** SOURCE RECORDS follows **

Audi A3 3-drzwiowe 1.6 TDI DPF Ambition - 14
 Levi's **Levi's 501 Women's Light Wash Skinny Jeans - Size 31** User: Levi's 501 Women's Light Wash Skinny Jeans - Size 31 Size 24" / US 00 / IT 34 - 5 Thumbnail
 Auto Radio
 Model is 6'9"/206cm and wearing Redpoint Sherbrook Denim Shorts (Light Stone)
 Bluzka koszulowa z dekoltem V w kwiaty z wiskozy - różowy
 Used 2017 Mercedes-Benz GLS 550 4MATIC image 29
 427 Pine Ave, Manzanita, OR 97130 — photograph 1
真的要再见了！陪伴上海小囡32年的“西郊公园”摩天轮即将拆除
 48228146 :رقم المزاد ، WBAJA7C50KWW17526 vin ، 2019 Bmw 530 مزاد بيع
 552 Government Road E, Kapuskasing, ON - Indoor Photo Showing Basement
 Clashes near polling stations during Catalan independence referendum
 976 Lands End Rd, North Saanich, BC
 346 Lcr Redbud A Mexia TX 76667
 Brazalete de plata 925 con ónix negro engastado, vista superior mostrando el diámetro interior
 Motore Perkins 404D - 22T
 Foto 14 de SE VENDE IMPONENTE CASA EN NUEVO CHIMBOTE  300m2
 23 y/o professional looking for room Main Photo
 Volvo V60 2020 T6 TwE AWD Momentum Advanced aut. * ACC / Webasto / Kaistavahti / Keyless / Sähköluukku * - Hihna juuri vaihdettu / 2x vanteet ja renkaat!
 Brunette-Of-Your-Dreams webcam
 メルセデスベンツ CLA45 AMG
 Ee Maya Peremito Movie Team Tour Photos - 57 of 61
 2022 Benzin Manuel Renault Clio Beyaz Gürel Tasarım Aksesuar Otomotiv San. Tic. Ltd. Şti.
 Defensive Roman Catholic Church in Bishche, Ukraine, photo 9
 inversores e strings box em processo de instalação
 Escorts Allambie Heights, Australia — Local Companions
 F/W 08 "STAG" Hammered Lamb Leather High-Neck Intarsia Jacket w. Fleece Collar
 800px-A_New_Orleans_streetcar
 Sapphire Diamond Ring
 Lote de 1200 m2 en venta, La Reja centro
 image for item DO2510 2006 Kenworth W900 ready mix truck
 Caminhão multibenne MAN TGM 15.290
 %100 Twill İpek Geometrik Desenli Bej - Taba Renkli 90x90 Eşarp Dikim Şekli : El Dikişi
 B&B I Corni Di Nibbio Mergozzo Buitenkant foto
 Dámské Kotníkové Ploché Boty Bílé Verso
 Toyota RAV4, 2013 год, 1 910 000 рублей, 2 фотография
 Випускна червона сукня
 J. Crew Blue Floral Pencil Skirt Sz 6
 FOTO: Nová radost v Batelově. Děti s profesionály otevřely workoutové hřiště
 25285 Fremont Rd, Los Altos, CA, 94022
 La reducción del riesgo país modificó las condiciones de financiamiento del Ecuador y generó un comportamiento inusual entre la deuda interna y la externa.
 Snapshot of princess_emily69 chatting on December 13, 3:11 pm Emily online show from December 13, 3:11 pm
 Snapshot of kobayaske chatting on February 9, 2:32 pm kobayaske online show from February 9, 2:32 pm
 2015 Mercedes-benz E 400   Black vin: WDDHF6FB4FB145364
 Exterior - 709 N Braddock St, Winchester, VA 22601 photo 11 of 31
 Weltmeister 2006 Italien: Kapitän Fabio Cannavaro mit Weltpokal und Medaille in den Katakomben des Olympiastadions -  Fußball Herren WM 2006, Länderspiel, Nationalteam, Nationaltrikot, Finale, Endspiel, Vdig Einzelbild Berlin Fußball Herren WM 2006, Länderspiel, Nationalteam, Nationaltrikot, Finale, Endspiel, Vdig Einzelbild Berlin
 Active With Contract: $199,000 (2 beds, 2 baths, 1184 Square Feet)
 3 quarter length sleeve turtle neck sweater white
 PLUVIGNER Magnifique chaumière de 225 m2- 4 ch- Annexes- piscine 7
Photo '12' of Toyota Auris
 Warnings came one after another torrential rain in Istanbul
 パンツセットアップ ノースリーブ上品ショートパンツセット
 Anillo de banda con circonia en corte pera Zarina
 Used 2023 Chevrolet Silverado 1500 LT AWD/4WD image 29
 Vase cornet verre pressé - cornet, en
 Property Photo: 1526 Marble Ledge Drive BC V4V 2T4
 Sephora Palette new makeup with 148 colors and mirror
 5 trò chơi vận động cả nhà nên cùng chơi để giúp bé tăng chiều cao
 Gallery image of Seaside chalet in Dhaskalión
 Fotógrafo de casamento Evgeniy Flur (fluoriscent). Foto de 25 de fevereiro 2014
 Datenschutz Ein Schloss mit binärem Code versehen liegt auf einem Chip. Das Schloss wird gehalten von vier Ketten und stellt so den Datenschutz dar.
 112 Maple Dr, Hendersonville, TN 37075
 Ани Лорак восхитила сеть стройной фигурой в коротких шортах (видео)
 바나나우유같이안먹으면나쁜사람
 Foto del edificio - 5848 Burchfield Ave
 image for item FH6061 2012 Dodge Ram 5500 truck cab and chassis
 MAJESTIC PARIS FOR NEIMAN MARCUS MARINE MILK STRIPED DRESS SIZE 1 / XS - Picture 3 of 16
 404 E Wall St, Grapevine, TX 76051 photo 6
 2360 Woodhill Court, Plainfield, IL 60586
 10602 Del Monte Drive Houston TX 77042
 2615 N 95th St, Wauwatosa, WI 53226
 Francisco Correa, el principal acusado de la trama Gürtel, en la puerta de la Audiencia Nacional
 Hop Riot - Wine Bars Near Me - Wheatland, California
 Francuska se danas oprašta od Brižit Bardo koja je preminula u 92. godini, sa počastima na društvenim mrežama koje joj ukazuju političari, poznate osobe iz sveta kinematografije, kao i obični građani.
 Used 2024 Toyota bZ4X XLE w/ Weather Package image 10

** End of SOURCE RECORDS **

▶ **WHAT IS REQUIRED**
Lines from the top of the data above through the line containing "346 Lcr Redbud A Mexia TX 76667" must be repeated exactly. All other lines stay out.

▶ **RESULT FOR THIS TASK**
Audi A3 3-drzwiowe 1.6 TDI DPF Ambition - 14
 Levi's **Levi's 501 Women's Light Wash Skinny Jeans - Size 31** User: Levi's 501 Women's Light Wash Skinny Jeans - Size 31 Size 24" / US 00 / IT 34 - 5 Thumbnail
 Auto Radio
 Model is 6'9"/206cm and wearing Redpoint Sherbrook Denim Shorts (Light Stone)
 Bluzka koszulowa z dekoltem V w kwiaty z wiskozy - różowy
 Used 2017 Mercedes-Benz GLS 550 4MATIC image 29
 427 Pine Ave, Manzanita, OR 97130 — photograph 1
真的要再见了！陪伴上海小囡32年的“西郊公园”摩天轮即将拆除
 48228146 :رقم المزاد ، WBAJA7C50KWW17526 vin ، 2019 Bmw 530 مزاد بيع
 552 Government Road E, Kapuskasing, ON - Indoor Photo Showing Basement
 Clashes near polling stations during Catalan independence referendum
 976 Lands End Rd, North Saanich, BC
 346 Lcr Redbud A Mexia TX 76667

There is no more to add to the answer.